Entretanto, àquela altura, a maior parte dos smartphones já usava processadores baseados na arquitetura ARM. A empresa britânica – que foi comprada nesta semana pela SoftBank por US$ 31 bilhões – se tornou relevante ao adotar uma estratégia diferente da Intel: em vez de projetar e vender os chips, a empresa só desenvolveu a arquitetura e a licencia para qualquer fabricante interessado. Em 2015, os chips ARM, fabricados em sua maioria pela Qualcomm e NVidia, estavam em 85% dos smartphones, tablets e notebooks vendidos em todo o mundo. “A ARM não concorre com os grandes fabricantes”, afirma José Antonio Scodiero, presidente da Fast Company, que representa a ARM no Brasil.
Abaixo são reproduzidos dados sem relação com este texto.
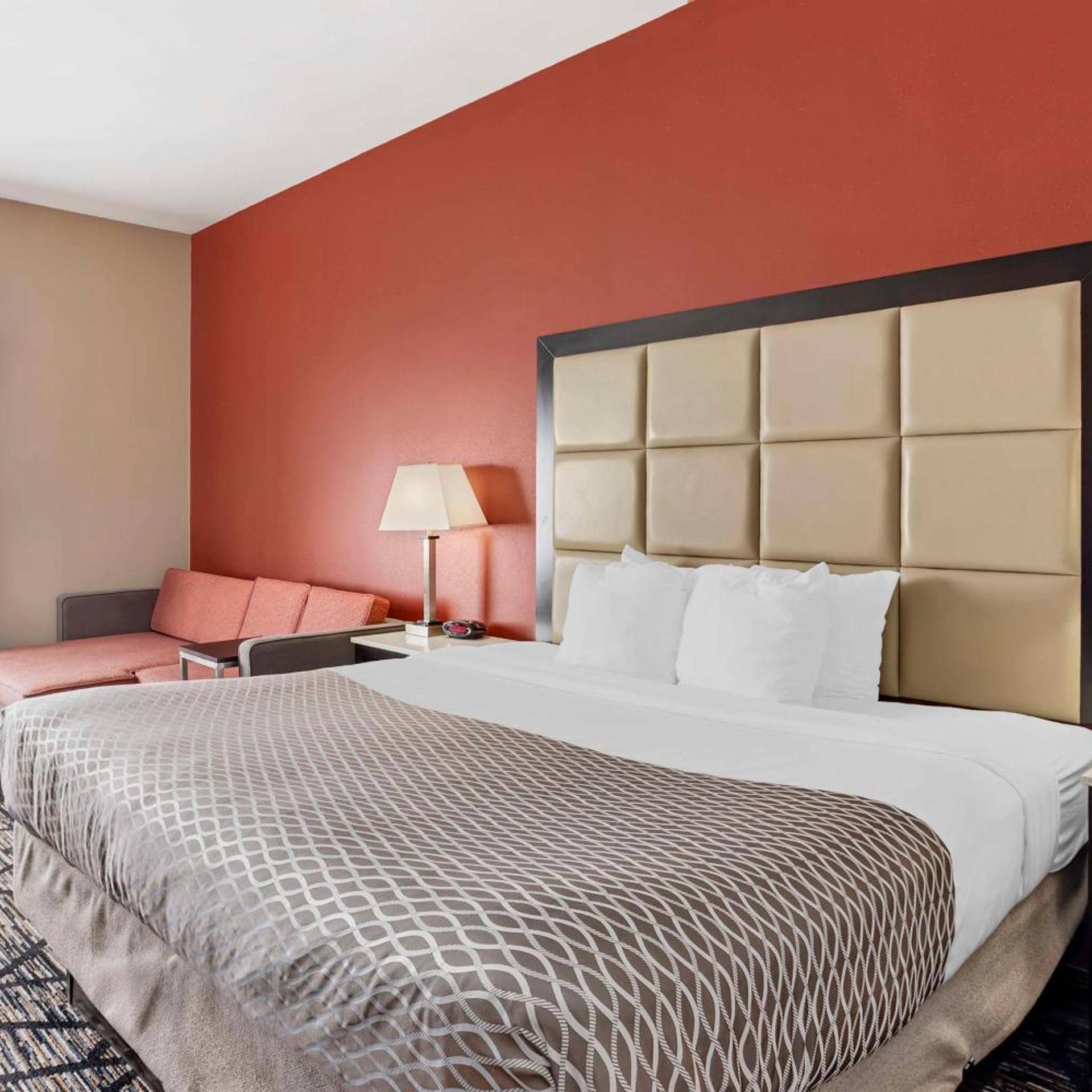 Room, Queen Bed, Kitchen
Arrumando a casa. Em maio deste ano, a Intel demitiu mais de 12 mil funcionários para “focar em áreas mais rentáveis”. E o presidente executivo Brian Krzanich descontinuou a linha de processadores para smartphones, depois de gastar mais de US$ 10 bilhões para tornar a empresa competitiva nessa área, segundo estimativas de consultores especializados.

“Não estamos abandonando nada do que estamos fazendo”, afirma o diretor de desenvolvimento de tecnologias da Intel para a América Latina, Reinaldo Affonso. “Estamos apenas direcionando os recursos para áreas que precisam de mais carinho para crescerem solidamente e mais rápido.”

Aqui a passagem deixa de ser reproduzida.